Deep Dive: George Carlin’s Best – Atlantic Years

Friday, May 12, 2017
Deep Dive: George Carlin’s Best – Atlantic Years

Comedy might not have been born on this day in 1937, but one of the greatest comedians ever to walk to earth did arrive on this date: George Denis Patrick Carlin. Although he left us back in 2008, his legacy continues unabated, in no small part lately because of all the people who’ve said, “Man, can you imagine what George Carlin would have to say about Donald Trump?” We can only imagine it would’ve been glorious. In lieu of what can never be, we instead offer you a playlist featuring a collection of albums which were released on Atlantic Records. This isn’t everything, mind you: it’s only the albums that are in our catalog. It’s all funny, though, as you’ll soon be able to hear for yourself.

PLAYIN’ WITH YOUR HEAD (1986): Amazon || iTunes
Recorded at the Beverly Theater in Los Angeles, this album has been described by as “a fine companion piece to [Carlin’s] 1981 classic, A PLACE FOR MY STUFF, with ‘Losing Things’ and ‘You’re Lost’ offering the same hilarious examination of a mundane and universal experience that Carlin perfected on that album’s title track.”

WHAT AM I DOING IN NEW JERSEY? (1988): Amazon || iTunes
This album’s title was originally supposed to be WHAT IN GOD’S NAME AM I DOING IN NEW JERSEY? but it got changed at some point and no one knows why. Well, probably someone knows why, but while Carlin revealed the title change during an appearance on Late Night with David Letterman, Dave interrupted him with another question before he could explain why it came to pass. Oh, well, what’s another unexplained pop culture mystery?

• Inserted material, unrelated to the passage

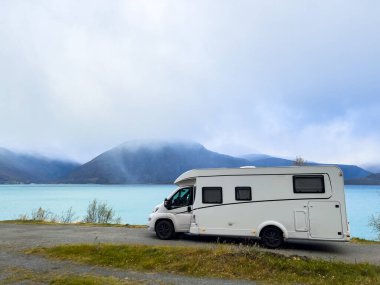 Norveç 'in Lyngen Alpleri' nin sonbahar manzarasında yol kenarına parketmiş bir karavan..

Right around the time this album was released, the PMRC demanded that all albums containing potentially obscene or offensive language feature a sticker indicating that they contained such. Carlin, of course, decided to just cut to the chase with his record, and as the man who taught the world “Seven Words You Can Never Say On Television,” he was probably right to do so.

As Carlin progressed in his career, so did his humor, reaching a point where he began to rant so much that he turned off some of his longstanding fans, but there are many who regard his later work as being as strong – possibly even stronger – than his earlier work. This album finds Carlin delivering what an IMDb reader described as “the most furious, malevolent, blistering rant of his career.” Your mileage may vary, but definitely be sure to give it a chance, because it could pay off in a big way.

COMPLAINTS AND GRIEVANCES (2001): Amazon || iTunes
Although it’s a perfect title for a Carlin album, this LP was actually going to be called something else, but after the events of September 11, suddenly the idea of an album entitled I KINDA LIKE IT WHEN A LOT OF PEOPLE DIE became the sort of thing that even Carlin couldn’t bring himself to keep.